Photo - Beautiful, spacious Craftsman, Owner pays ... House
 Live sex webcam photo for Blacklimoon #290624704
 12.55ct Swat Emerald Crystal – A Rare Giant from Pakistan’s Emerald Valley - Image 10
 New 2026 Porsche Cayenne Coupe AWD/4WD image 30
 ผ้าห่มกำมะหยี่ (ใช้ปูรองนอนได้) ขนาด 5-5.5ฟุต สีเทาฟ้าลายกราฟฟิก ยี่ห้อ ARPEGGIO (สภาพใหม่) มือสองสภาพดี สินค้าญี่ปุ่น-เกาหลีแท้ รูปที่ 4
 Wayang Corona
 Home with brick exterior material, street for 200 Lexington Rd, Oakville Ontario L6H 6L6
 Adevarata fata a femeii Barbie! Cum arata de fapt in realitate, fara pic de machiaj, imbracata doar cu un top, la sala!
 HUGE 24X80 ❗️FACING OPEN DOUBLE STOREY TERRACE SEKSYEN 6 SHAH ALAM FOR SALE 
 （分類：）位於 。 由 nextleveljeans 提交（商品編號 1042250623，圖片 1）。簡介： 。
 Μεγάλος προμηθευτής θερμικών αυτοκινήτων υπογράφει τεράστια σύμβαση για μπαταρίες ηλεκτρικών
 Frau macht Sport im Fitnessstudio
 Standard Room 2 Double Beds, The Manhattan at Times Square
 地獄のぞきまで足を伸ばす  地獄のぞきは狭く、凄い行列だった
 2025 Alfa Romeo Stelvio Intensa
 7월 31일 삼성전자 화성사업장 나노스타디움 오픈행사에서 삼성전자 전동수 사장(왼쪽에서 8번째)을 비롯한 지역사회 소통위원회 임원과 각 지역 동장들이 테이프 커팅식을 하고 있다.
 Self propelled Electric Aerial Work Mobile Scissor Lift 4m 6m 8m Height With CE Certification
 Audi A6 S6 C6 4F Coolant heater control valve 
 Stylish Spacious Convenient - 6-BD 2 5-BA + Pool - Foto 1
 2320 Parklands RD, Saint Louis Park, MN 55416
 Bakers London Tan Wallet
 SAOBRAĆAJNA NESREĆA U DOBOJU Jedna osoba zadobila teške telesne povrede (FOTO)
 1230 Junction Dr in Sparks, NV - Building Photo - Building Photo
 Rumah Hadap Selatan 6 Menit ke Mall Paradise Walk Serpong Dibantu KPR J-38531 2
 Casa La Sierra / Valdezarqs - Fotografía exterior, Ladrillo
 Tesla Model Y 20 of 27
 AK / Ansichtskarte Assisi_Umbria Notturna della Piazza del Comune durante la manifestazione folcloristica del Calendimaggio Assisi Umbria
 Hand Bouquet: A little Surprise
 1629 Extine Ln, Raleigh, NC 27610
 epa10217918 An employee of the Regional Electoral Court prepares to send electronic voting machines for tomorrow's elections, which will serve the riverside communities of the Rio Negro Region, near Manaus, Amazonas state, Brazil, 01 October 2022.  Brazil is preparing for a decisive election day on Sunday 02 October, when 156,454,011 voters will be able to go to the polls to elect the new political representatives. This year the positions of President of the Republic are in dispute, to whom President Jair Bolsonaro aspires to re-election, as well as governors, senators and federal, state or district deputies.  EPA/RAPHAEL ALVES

══════════

### What this task involves
Output only the lines from the one that contains "Self propelled Electric" through the final line of the records, exactly as given.

### Answer area
 Self propelled Electric Aerial Work Mobile Scissor Lift 4m 6m 8m Height With CE Certification
 Audi A6 S6 C6 4F Coolant heater control valve 
 Stylish Spacious Convenient - 6-BD 2 5-BA + Pool - Foto 1
 2320 Parklands RD, Saint Louis Park, MN 55416
 Bakers London Tan Wallet
 SAOBRAĆAJNA NESREĆA U DOBOJU Jedna osoba zadobila teške telesne povrede (FOTO)
 1230 Junction Dr in Sparks, NV - Building Photo - Building Photo
 Rumah Hadap Selatan 6 Menit ke Mall Paradise Walk Serpong Dibantu KPR J-38531 2
 Casa La Sierra / Valdezarqs - Fotografía exterior, Ladrillo
 Tesla Model Y 20 of 27
 AK / Ansichtskarte Assisi_Umbria Notturna della Piazza del Comune durante la manifestazione folcloristica del Calendimaggio Assisi Umbria
 Hand Bouquet: A little Surprise
 1629 Extine Ln, Raleigh, NC 27610
 epa10217918 An employee of the Regional Electoral Court prepares to send electronic voting machines for tomorrow's elections, which will serve the riverside communities of the Rio Negro Region, near Manaus, Amazonas state, Brazil, 01 October 2022.  Brazil is preparing for a decisive election day on Sunday 02 October, when 156,454,011 voters will be able to go to the polls to elect the new political representatives. This year the positions of President of the Republic are in dispute, to whom President Jair Bolsonaro aspires to re-election, as well as governors, senators and federal, state or district deputies.  EPA/RAPHAEL ALVES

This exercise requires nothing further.